Dense cermet membranes for hydrogen separation

• Cermet (ceramic–metal) membranes have been developed for hydrogen separation.
• Flux is limited by the bulk diffusion of hydrogen through metal phase.
• Long term stability for a period of 4 months showed relatively stable flux.
• Flux showed no degradation in synthesis gas mixture at high pressures (≈200 psig).
• Membrane is stable in atmospheres containing up to 400 ppm H2S and 80% H2.

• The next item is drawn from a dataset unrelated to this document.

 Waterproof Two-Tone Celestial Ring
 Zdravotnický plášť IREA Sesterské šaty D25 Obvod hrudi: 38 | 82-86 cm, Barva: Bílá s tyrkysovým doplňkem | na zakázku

Dense cermet (i.e., ceramic–metal composite) membranes have been developed for separating hydrogen from mixed gases, particularly product streams generated during coal gasification and/or steam methane reforming. Hydrogen separation with these membranes yields high-purity hydrogen, thereby eliminating the need for post-separation purification steps. Extensive tests have been conducted with cermet membranes made by mixing ≈50–60 vol.% Pd with Y2O3-stabilized ZrO2. Using several feed gas mixtures, the hydrogen permeation rate, or flux, for the membranes was measured in the temperature range 400–900 °C. With pure hydrogen at ambient pressure as feed gas, an ≈18-μm-thick membrane on a porous substrate gave a measured flux of ≈26 cm3[STP]/min-cm2 at 400 °C and ≈52 cm3[STP]/min-cm2 at 900 °C. We also measured the hydrogen flux through a thicker (≈150 μm) membrane at 400 °C using a mixture of H2, CO, CO2, H2O, and He at ≈200 psig as feed gas. Hydrogen flux measurements in H2S-containing atmospheres showed that the cermet membranes are stable at 900 °C in gases that contain ≈80% H2/400 ppm H2S. Because formation of palladium sulfide (Pd4S) can seriously degrade hydrogen permeation through Pd-containing cermet membranes, the Pd/Pd4S stability phase boundary of the cermet membrane was determined in the temperature range 450–650 °C using various feed gases that contained 10–73% H2 and 8–400 ppm H2S. Given these promising results, longer studies using real-world coal gasification conditions should be pursued.